Closely related to programming languages are domain-specific visual languages that are related to game development.
For example, several engines provide visual editors for creating visual effects, for controlling procedural content generation engines or for creating shader effects.
The open source 3D modeling application Blender comes with a node-based system which can be used to define how an image is composited from various inputs and which also allows defining how content is generated.
As we have seen in the lecture on Procedural Content Generation, Substance Designer is a tool for creating textures along with normal maps and other information. The generation process and its stages are visualized and edited using a node-based approach, in which each node is either an input, a function that works on its input, or a terminal node, which creates an output.
Unreal Engine uses a node-based system for building shaders.
In each of these cases, we have the advantages of scripting languages and visual languages applied to the specific field these tools work in:
- They are designer-friendly, allowing artists to create for example a shader that will work well with their created art in the game or to streamline their art production process.
- They allow users to see intermediate results. For example, in Substance Designer, you can click on intermediate nodes and see what their result looks like. In this way, the generation process can be easily debugged visually.
- They allow defining functions and stages much more easily than text-based languages. For example, consider how you would write a shader. Let’s say you have a shader that consists of several stages, and you want to have control which stage is run on which platform. In a text-based shader, you could make a case distinction at runtime - this would not be performant in many cases. You could keep several versions of the shader - at the cost of having less overview. In a visual language, you could define each stage as a new node, and compose each shader as a specific configuration of these nodes. If you made a change to one stage, this would ripple through to the other versions.
Game Engine integration
In order to integrate a scripting language, several options, depending on the programming language and the implementation of the game engine itself, are available.
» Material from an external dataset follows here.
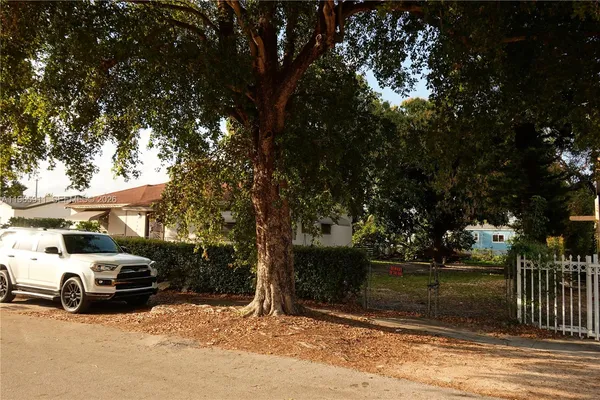 a view of street with parked cars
- Scripted callbacks In this variant, most of the behaviour of the game is hard-coded. At certain points, script functions are called, and can change the game state.
- Scripted event handlers As a special case of callbacks, scripts can be called whenever a certain type of event is registered in the game engine.
- Extending game object types Languages such as UnrealScript allow the native classes of the game engine to be extended. In this way, the scripted functions can be called via composition or aggregation.
- Scripted components/properties Game engines which utilize components to build up their game object types can make used of scripted components. Here, a component can be either supplied by the native programming language or by the scripting language.
- Script-driven engine systems In this architecture, whole sub-systems of the game engine are realized in a scripting language. For example, the game objects might be realized in the scripting language instead of the native language.
- Script-driven games* Finally, in some cases, the game is mainly written in a scripting language, with the game engine acting more as a library for accessing low-level functionality or implementing performance-critical code.